Eni's Claudio Descalzi and Snam's Stefano Venier signed a joint venture agreement to create a carbon capture project in Italy. (Source: Eni)
Eni and energy infrastructure company Snam entered a joint venture (JV) to develop and manage Italy's first carbon capture and storage (CCS) project, a press release announced on Dec. 19.
"CCS is complementary to renewables, to energy efficiency solutions and to the other available levers, and is central to avoiding CO2 emissions from highly energy-intensive sectors that currently have no technological alternatives for decarbonization," Eni CEO Claudio Descalzi commented in the release.
The JV is looking to contribute to the decarbonization of hard-to-abate sectors such as steel mills, cement, ceramics and chemicals.
"It is a fact that CCS technologies have consolidated their role at a global level as a tool available to achieve decarbonization goals, and for this reason they are gaining more and more attention from governments, investors and industry players," Snam CEO Stefano Venier added.
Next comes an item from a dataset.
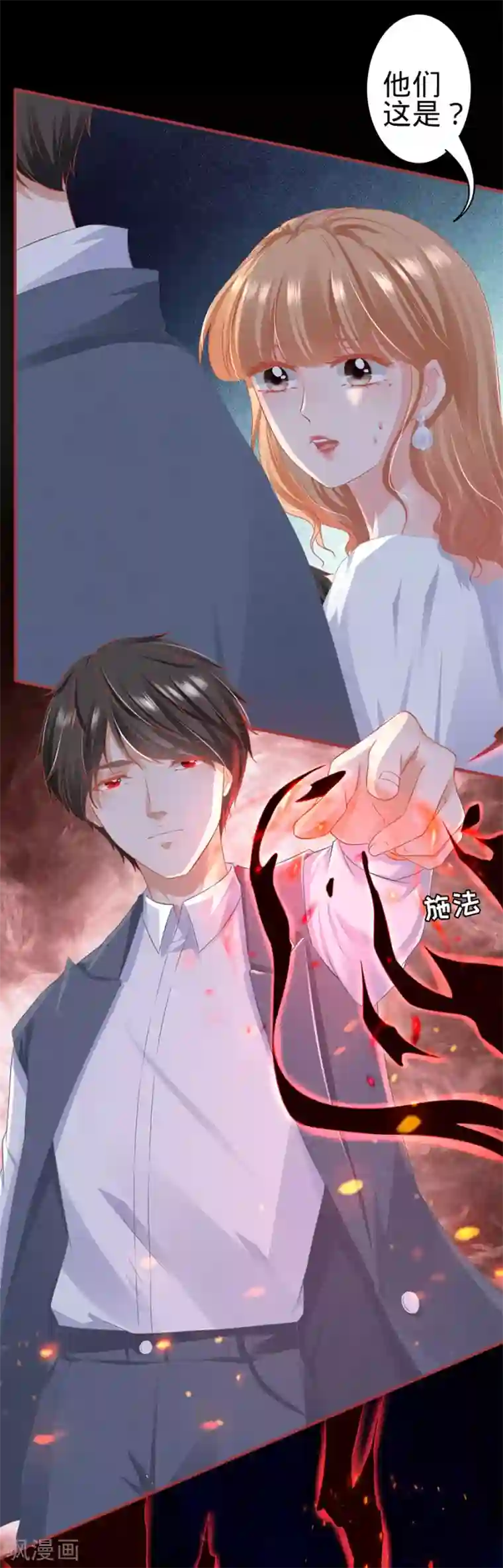 阴阳界的新娘第182话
Phase 1 of the Ravenna CCS project will capture 25,000 tones of CO2 from Eni's Casalborsetti natural gas treatment plant and transported to the Porto Corsini Mare Ovest platform, where it will be injected into a depleted gas field offshore Ravenna.
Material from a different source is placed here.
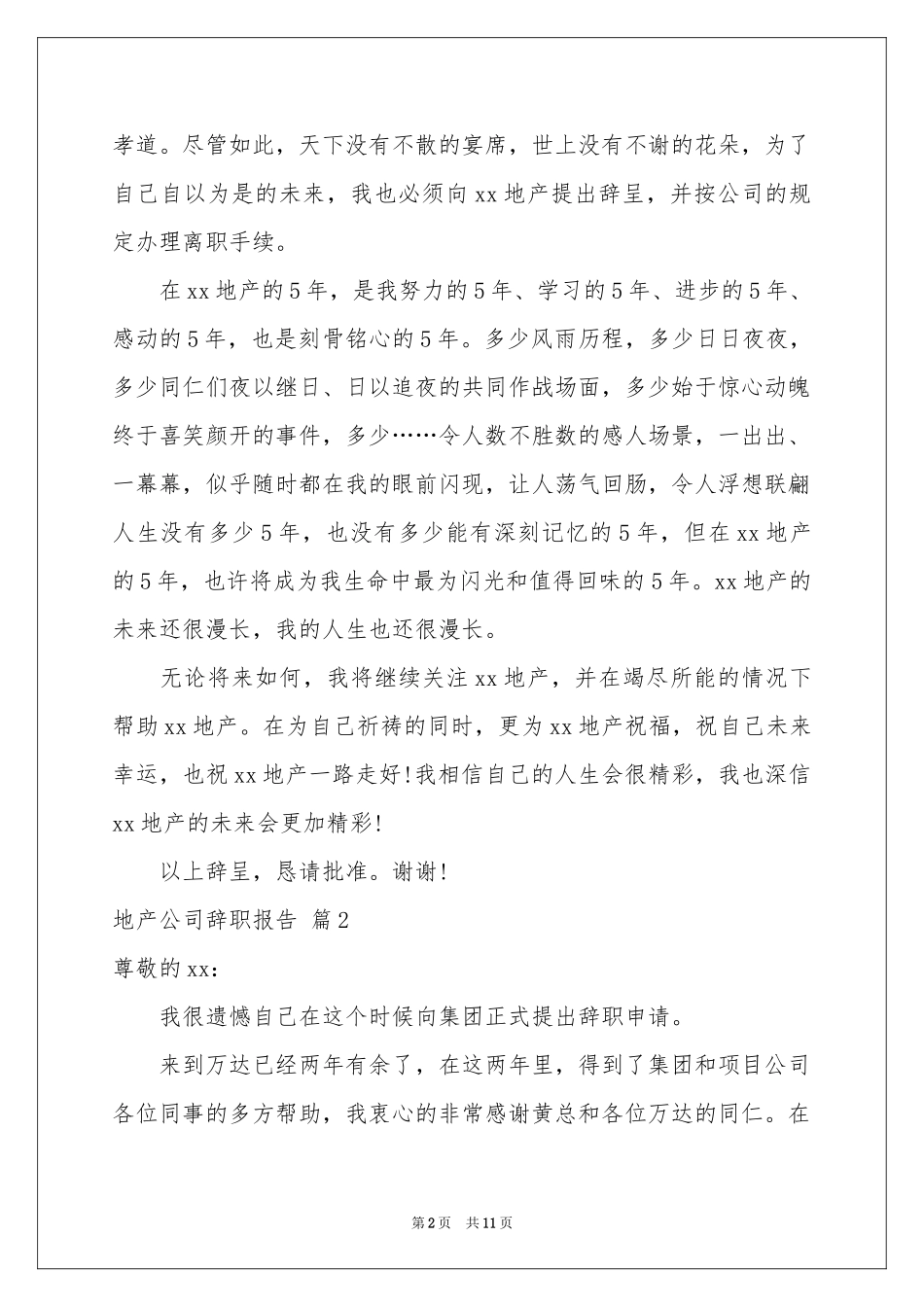 地产公司辞职报告汇编7篇_第2页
"Phase 1 of the Ravenna Project will allow to reduce emissions from the Casalborsetti power plant, launching in Italy a project based on a mature technological process that is key for the achievement of our climate goals," Descalzi continued.
The first phase of the project will also create an estimated 500 new jobs, playing an important role in the local economies.
"CCS projects are being developed globally and are already at an advanced stage both in Europe - especially in the U.K., the Netherlands and the Nordic countries and in the U.S.," Venier said. "This joint venture sets the first initiative in Italy with the ambition to offer a solution to the entire hard-to-abate production cluster in the Po Valley and potentially also to other Italian regions as well as other countries bordering the Mediterranean basin."